Task item:
Please copy the lines below, exactly as they are, from the one with "Pink yarn and gold darning needle" through the one with "May include: Off-white", and leave out the pictures.

Available data:
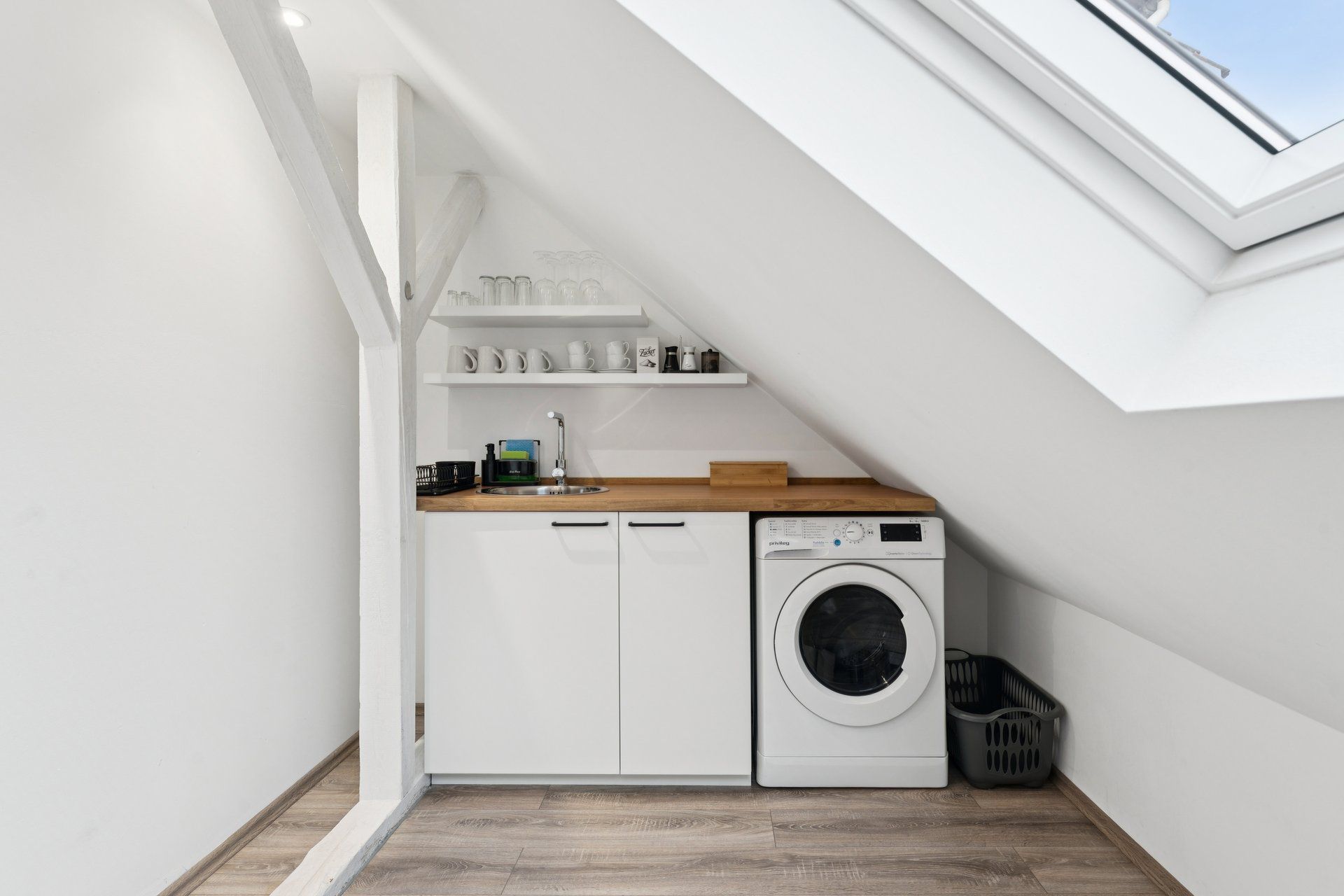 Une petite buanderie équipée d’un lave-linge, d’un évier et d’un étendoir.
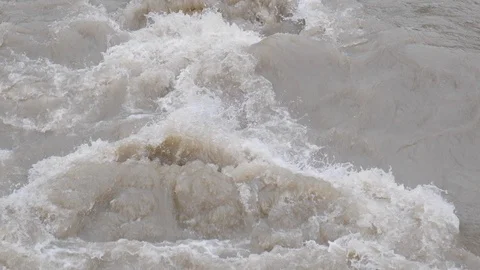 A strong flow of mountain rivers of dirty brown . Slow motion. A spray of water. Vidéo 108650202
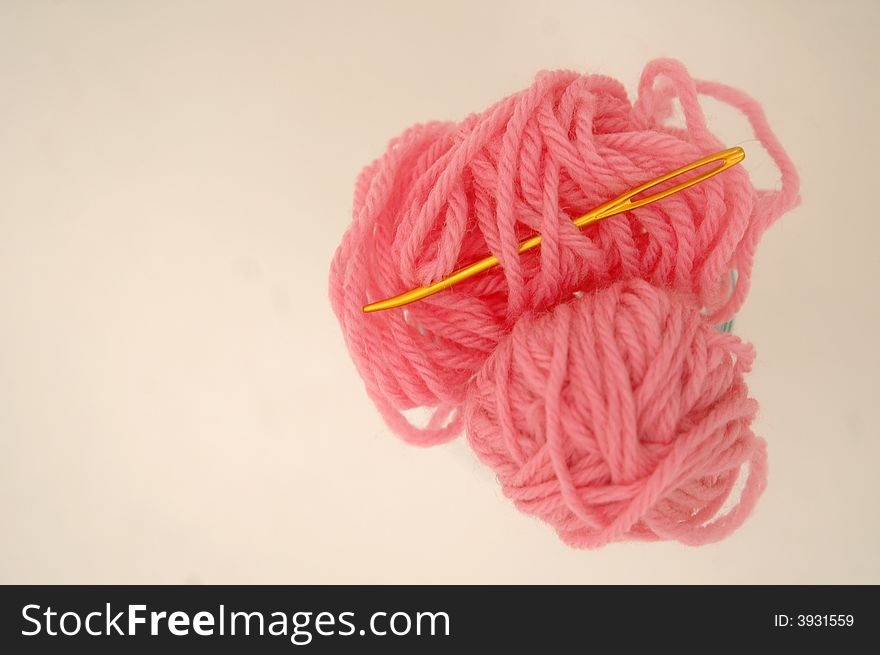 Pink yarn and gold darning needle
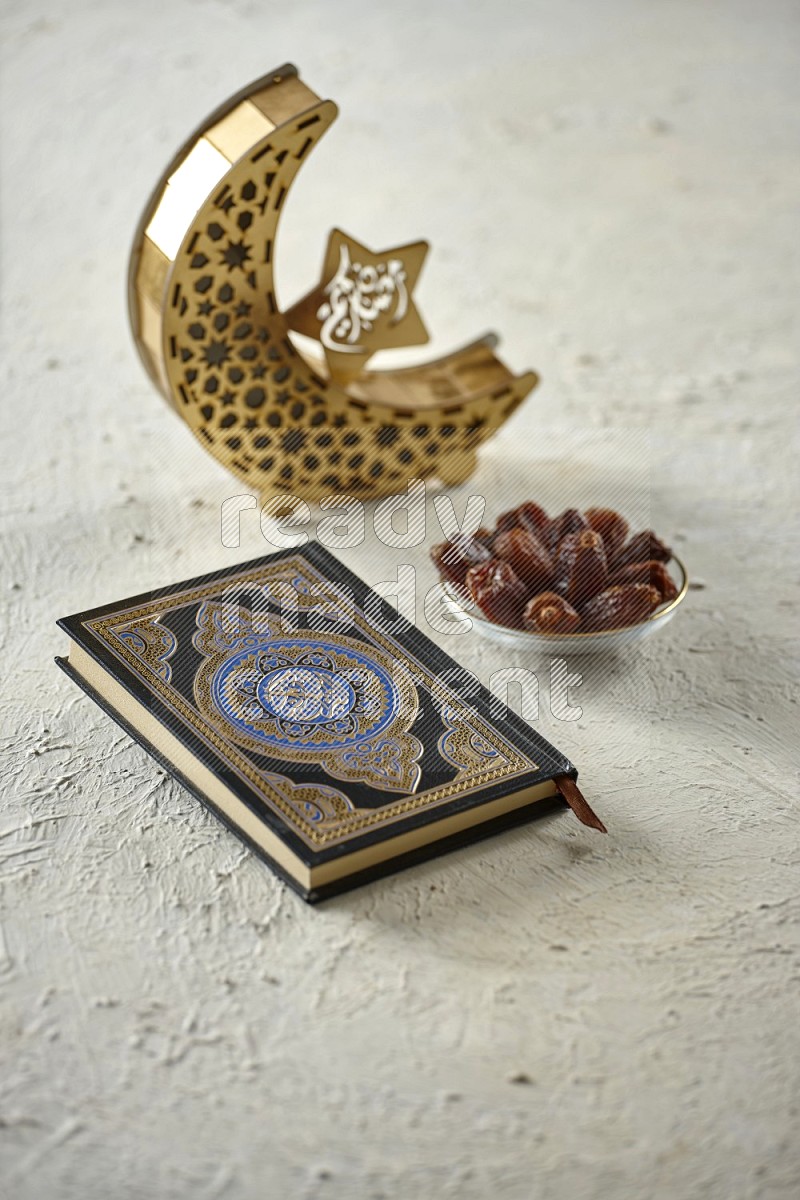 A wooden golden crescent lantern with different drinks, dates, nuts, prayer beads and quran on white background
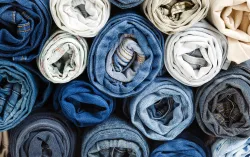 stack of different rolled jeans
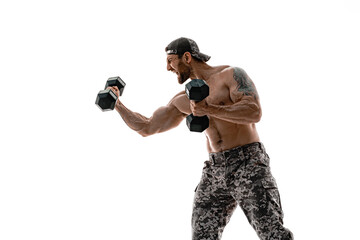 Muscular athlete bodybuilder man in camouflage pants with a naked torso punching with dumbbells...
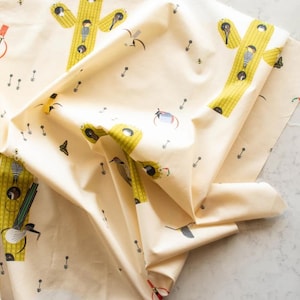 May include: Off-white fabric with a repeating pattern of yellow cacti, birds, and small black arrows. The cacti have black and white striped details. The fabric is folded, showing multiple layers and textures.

* * *

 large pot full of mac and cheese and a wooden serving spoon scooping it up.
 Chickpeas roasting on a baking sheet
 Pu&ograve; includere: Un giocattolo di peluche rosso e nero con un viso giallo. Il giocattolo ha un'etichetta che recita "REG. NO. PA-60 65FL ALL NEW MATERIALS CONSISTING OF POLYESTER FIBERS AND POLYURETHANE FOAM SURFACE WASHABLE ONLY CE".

Response:
 Pink yarn and gold darning needle
 A wooden golden crescent lantern with different drinks, dates, nuts, prayer beads and quran on white background
 stack of different rolled jeans
 Muscular athlete bodybuilder man in camouflage pants with a naked torso punching with dumbbells...
 May include: Off-white fabric with a repeating pattern of yellow cacti, birds, and small black arrows. The cacti have black and white striped details. The fabric is folded, showing multiple layers and textures.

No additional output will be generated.